However, you would now need client analyses to be aware of these two separate values in their definition of the data-flow value domain (generic type A in the implementation of the VASCO classes). We've tried to avoid going down that route but there certainly may be a way of implementing this more elegantly.

Now that I have represented basic problems in Vasco (#8), I can definitely appreciate the simplicity of the framework, and the fact that optimizations are not a concern when implementing solvers.

The value-contexts formulation is an implementation of the functional approach, which is a dual of the call strings approach

Does this mean that the Vasco algorithm is equivalent to the "full" call strings approach, and, as a consequence, is able to solve the non-separable problems that "restricted contexts" approaches cannot handle (as discussed on page 301 of "Data Flow Analysis")?

I am asking this because superficially, the "value contexts" approach feels like "restricting the length of calling context [sigma] to 1" (Data Flow analysis, p 296), but I assume the transitions map makes up for this by compactly representing the full call strings set, since you state that:

The context-transition graph constructed at the end of the analysis is a data structure that allows querying for the context for any call string, which can be arbitrarily long. Think of the graph as a finite state machine where each node represents a regular expression of all call strings for which it corresponds.

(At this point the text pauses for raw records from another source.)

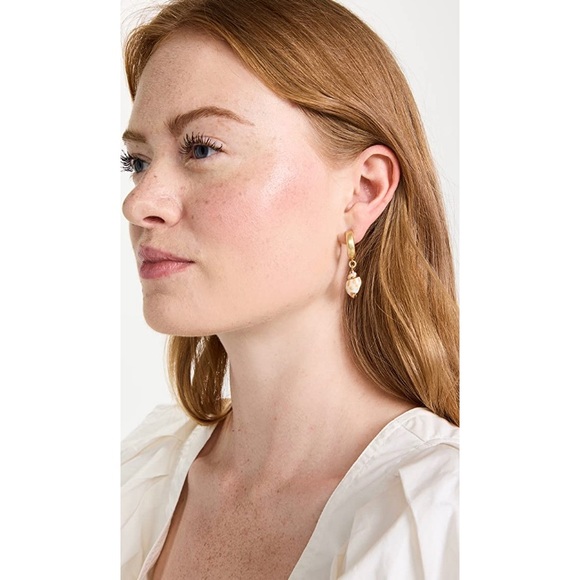 Madewell Shell Beach Hoops - Picture 3 of 5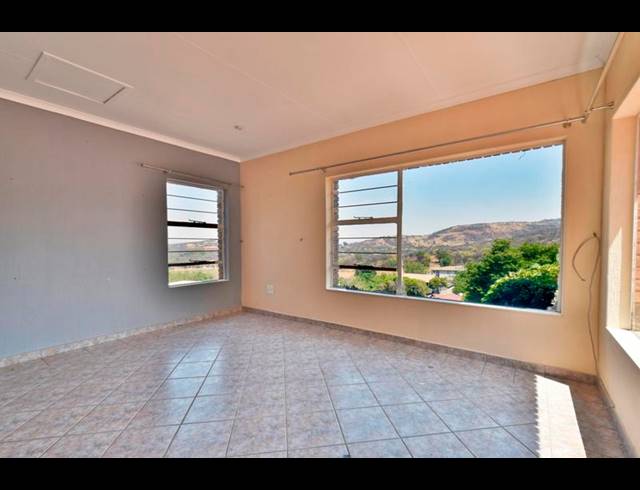 3 BEDROOM HOUSE FOR SALE IN GLENVISTA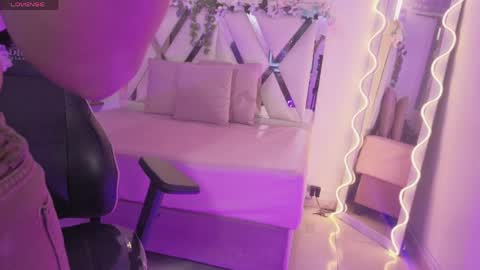 ZURY   online show from 16, 4, 2026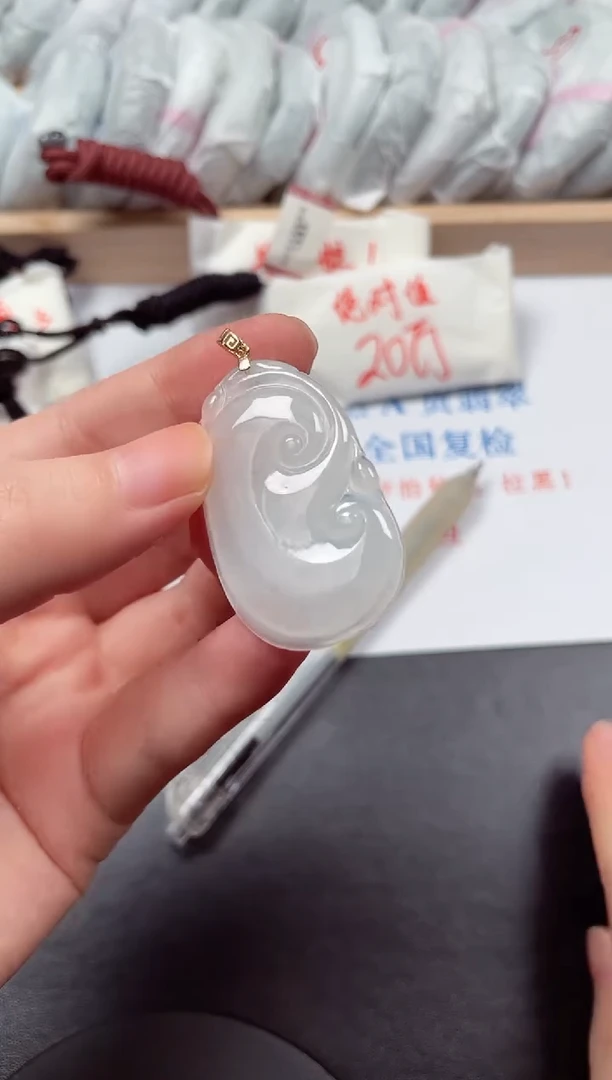 颈饰银S925镶嵌翡翠天然A货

Frankly, those results feel like a significant improvement over previous functional and call string approaches (especially from an usability/ease of implementation point of view), and would deserve more exposure. I don't mean to pry, but is there any chance you may publish more about those? Or are you considering other approaches/problems now?

Olivier.

rohanpadhye commented 7 years ago

Now that I have represented basic problems in Vasco (#8), I can definitely appreciate the simplicity of the framework, and the fact that optimizations are not a concern when implementing solvers.

Thanks.

Does this mean that the Vasco algorithm is equivalent to the "full" call strings approach, and, as a consequence, is able to solve the non-separable problems that "restricted contexts" approaches cannot handle (as discussed on page 301 of "Data Flow Analysis")?

I am asking this because superficially, the "value contexts" approach feels like "restricting the length of calling context [sigma] to 1" (Data Flow analysis, p 296) ...

I don't have the book with me at the moment to check those references, but I can tell you that the value contexts approach is definitely not the 1-calling-context approach (also known as 1-CFA in functional programming), which is much simpler and far more imprecise.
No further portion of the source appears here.